Powerful hurricanes may be getting stronger due to warmer seas
September 3, 2008
Analyzing satellite data from nearly 2,000 tropical cyclones around the world from 1981 to 2006, scientists from Florida State University and the University of Wisconsin-Madison found that wind speeds for the strongest hurricanes increased from an average of 140 mph in 1981 to 156 mph in 2006, while the average global sea-surface temperature in regions where tropical cyclones form increased from 82.8 degrees to 83.3 degrees.
"As seas warm, the ocean has more energy that can be converted to tropical cyclone wind," FSU geography said Professor James B. Elsner. "Our results do not prove the heat-engine theory. We just show that the data are quite consistent with it."

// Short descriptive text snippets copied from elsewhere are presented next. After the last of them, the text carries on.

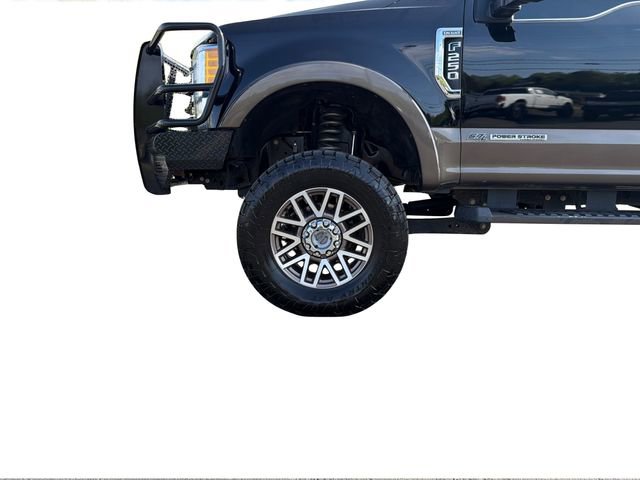 Used 2017 Ford F250 King Ranch w/ FX4 Off-Road Package AWD/4WD image 29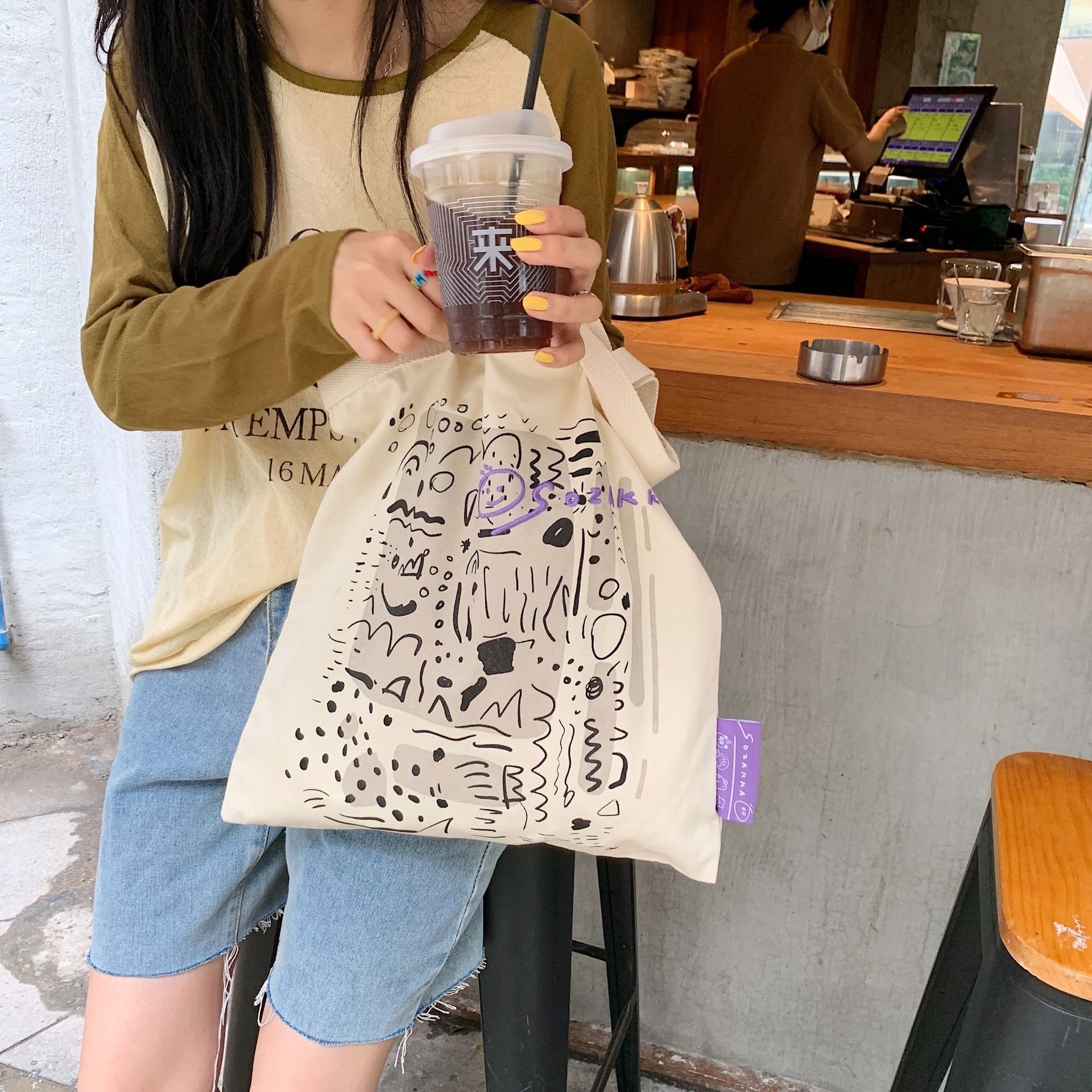 【 In Stock 】26102 letter graffiti printed canvas bag, large-capacity single-shoulder hand-carry shopping bag Tote from South Korea full figure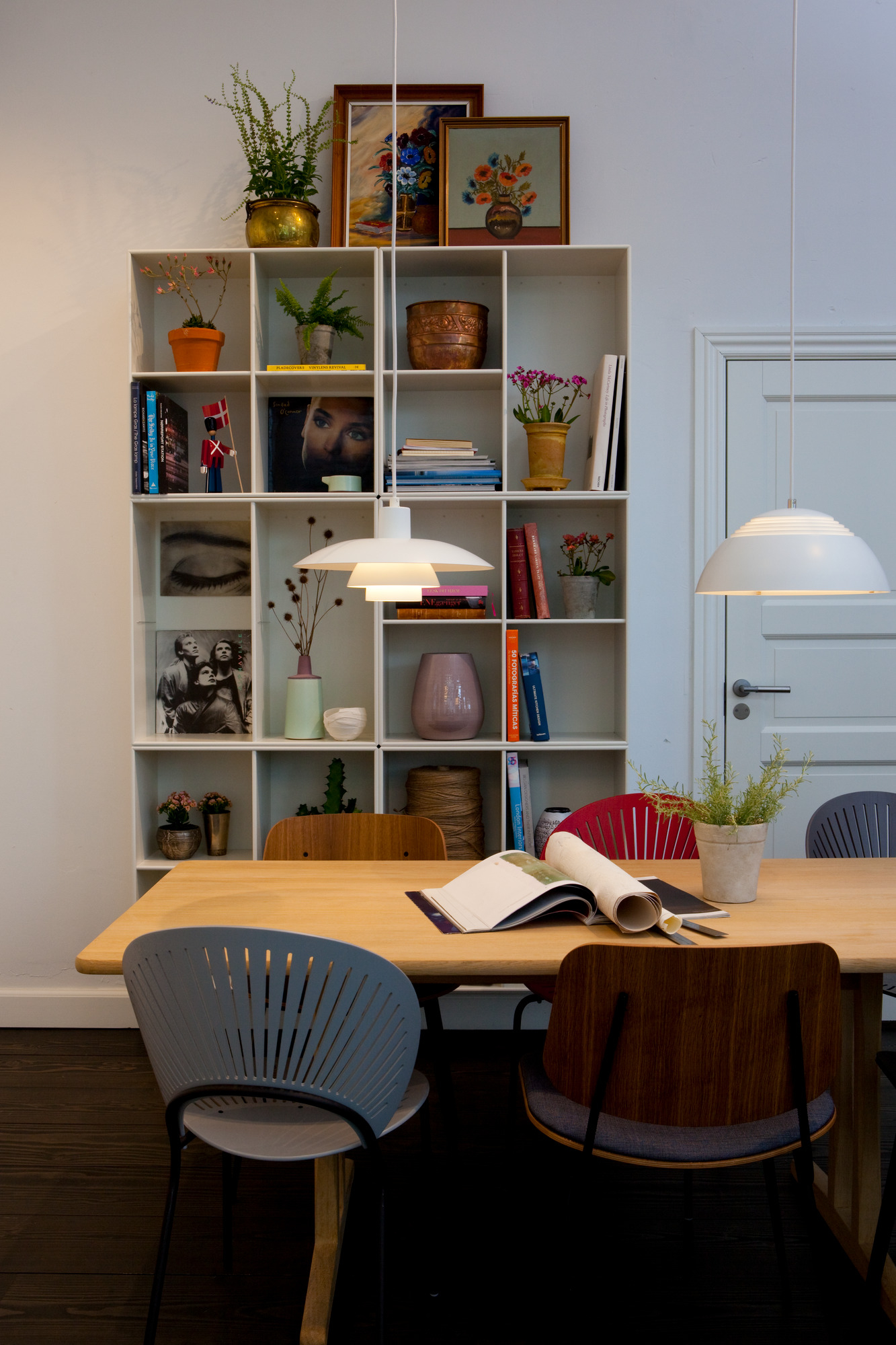 Esszimmer mit PH 4/3 Pendelleuchte von Louis Poulsen, Designklassiker für stilvolle Beleuchtung.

Still the authors caution that their results do not include other factors that can influence hurricane strength and intensity, including "cyclone origin and duration, proximity to land, El Nino conditions and solar activity", according to Nature.
Other hurricane researchers have criticized the study, saying the 25 years of data is not enough to reach a long-term conclusion. Chris Landsea, a prominent climatologist at the National Hurricane Center in Miami, told the New York Times that the data underlying the study was also suspect since there have been an increase in the number of satellites monitoring the Indian Ocean in recent years therefore generating more data points.

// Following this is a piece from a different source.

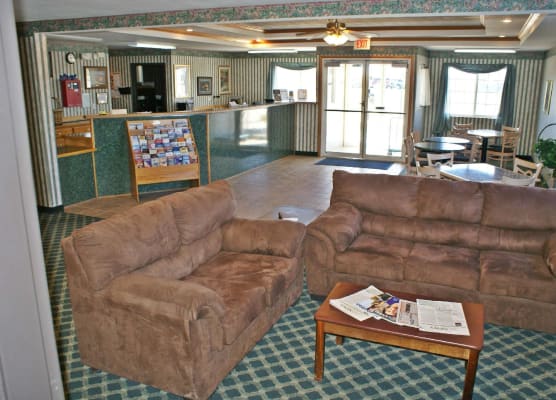 Brady Hotel 1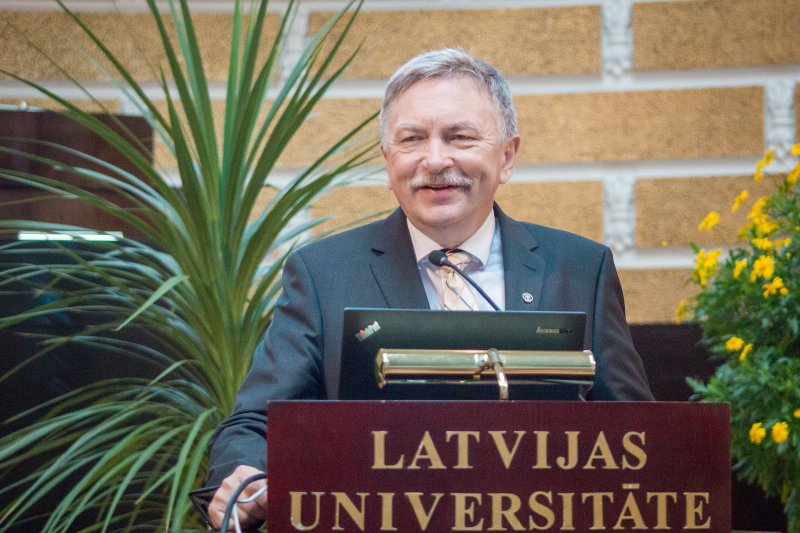 Latvijas Universitātes darbinieku kopsapulce. null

"The paper has some elegantly calculated statistics, but these are generated on data that are not, in my opinion, reliable for examining how the strongest tropical cyclones have changed around the world," Landsea was quoted as saying.

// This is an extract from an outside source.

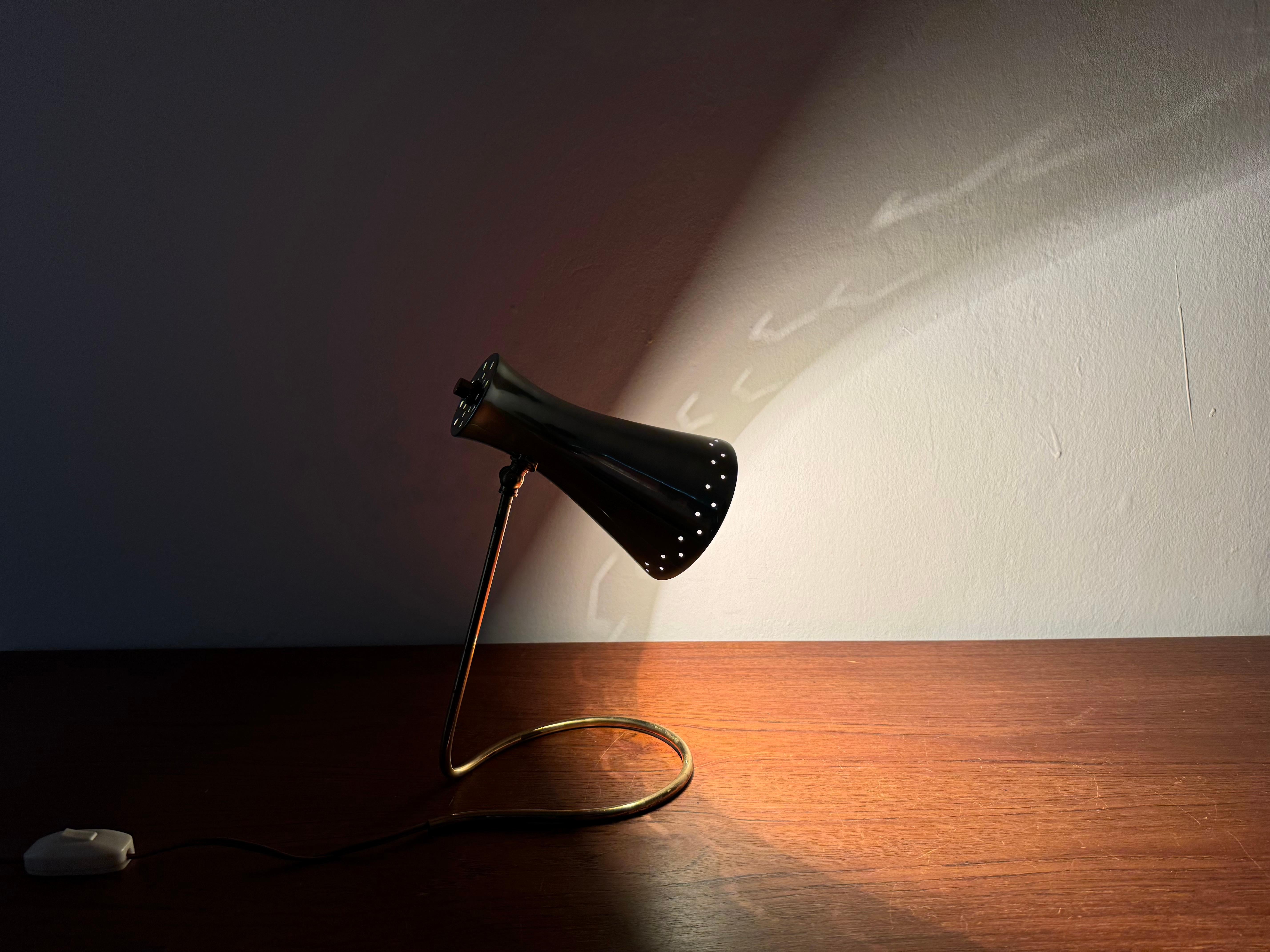 Lampe de table en laiton en vente 4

Thomas R. Knutson of the National Oceanic and Atmospheric Administration's Geophysical Fluid Dynamics Laboratory in Princeton, said it is too early to say whether hurricane strength is actually increasing and even if it was shown to be the case, finger climate change as the culprit.
"One is left with a very suggestive result and a very interesting result, but it's not a definitive smoking gun for a greenhouse warming signal on hurricanes," Knutson told the New York Times.